For more modern analysis software, see analysis of the strong set in the PGP web of trust by Henk P. Penning. Other notable analyses over time have been done by keyanalyze - Analysis of a "full" PGP/GPG Keyring by Drew Streib, and in the keyanalyze reports by Jason Harris.

For another useful PGP-related service, which can tell you about (and show you graphically!) possible paths between specific keys, see Henk's PGP pathfinder & key statistics. It seems that AT&T PathServer PathServer and the Experimental PGP Pathfinder are not running now.

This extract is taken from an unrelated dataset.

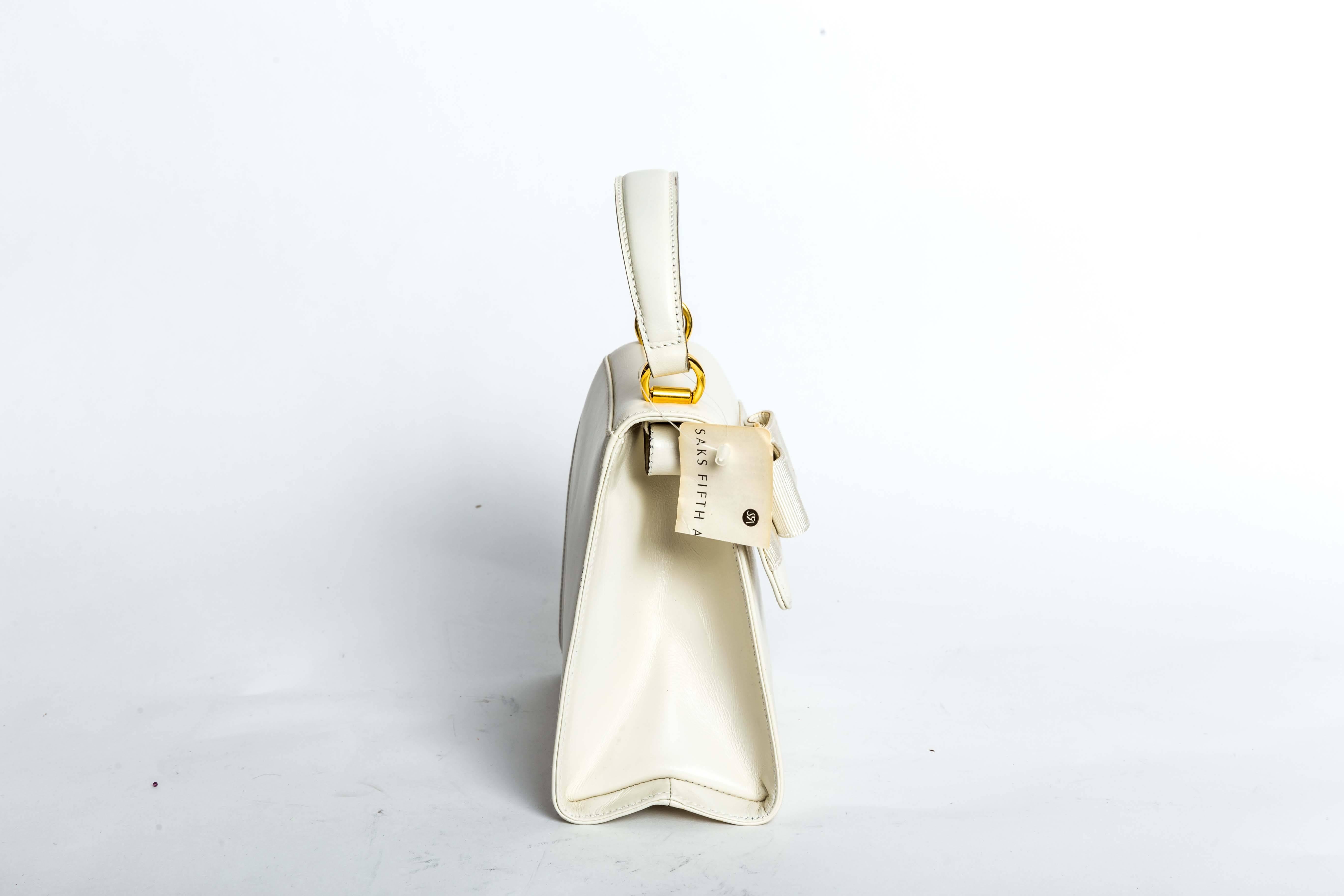 Ferragamo Vintage Vara Bow Two Way Bag in White Leather 2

The PGP community has its own Public Key Infrastructure. It consists of a set of public key servers around the world which allow PGP users to register their keys and publicly sign each other's keys via a variety of interfaces. This analysis is based on a public keyring obtained from Peter N. Wan on 4 Dec 1997 which is much larger than the one I used for previous studies: 29298735 bytes. The previous source I used, ftp://ftp.uit.no/pub/crypto/pgp/keys/pubring.pgp, gave me a keyring that was smaller than a year ago, unfortunately, for unknown reasons.

**Note**,
*The PGP web has grown far larger since this analysis thanks to better
key distribution software in recent versions of PGP. As of 9 Dec 1998,
at
ftp://ftp.ch.pgp.net/pub/pgp/keys/ the keyring was
502 MB long, and
there were 493923 keys: 92567 RSA, and 401356 ElGamal! I haven't
tried to analyze them yet, and fear that I will need to
modify the software and get more memory to handle it....*

An older analysis of that keyring as of
**Dec 5 1996** or
**Jan 1 1996** is also available.
Some of the increase in that year is clearly the result of
having a better source of keys, rather than an increase in
popularity.

There are reportedly a very large number of new DSS keys for use with PGP 5.0, but this analysis does not include any PGP 5.0 keys for two reasons. First, I hear there is as yet no way to get a full keyring out of the servers, apparantly due to memory constraints of the current implementation. Second, I haven't made the changes necessary to parse the new verbose listing format, nor decided how to deal with the issue of certification between DSS and RSA keys.

Note also that many keys and signatures have never been submitted to the public keyservers and are thus not included in this analysis.

It is also important to note that the word "trust" is used very loosly in the phrase "web of trust". Signing another key usually indicates nothing more than a level of confidence in the correlation between the key and the email address of someone who controls the private part of the key. It does not necessarily indicate a level of trust in the individual. Therefore we use, e.g., the term "central signee" rather than "central trustee" below to avoid implying too much.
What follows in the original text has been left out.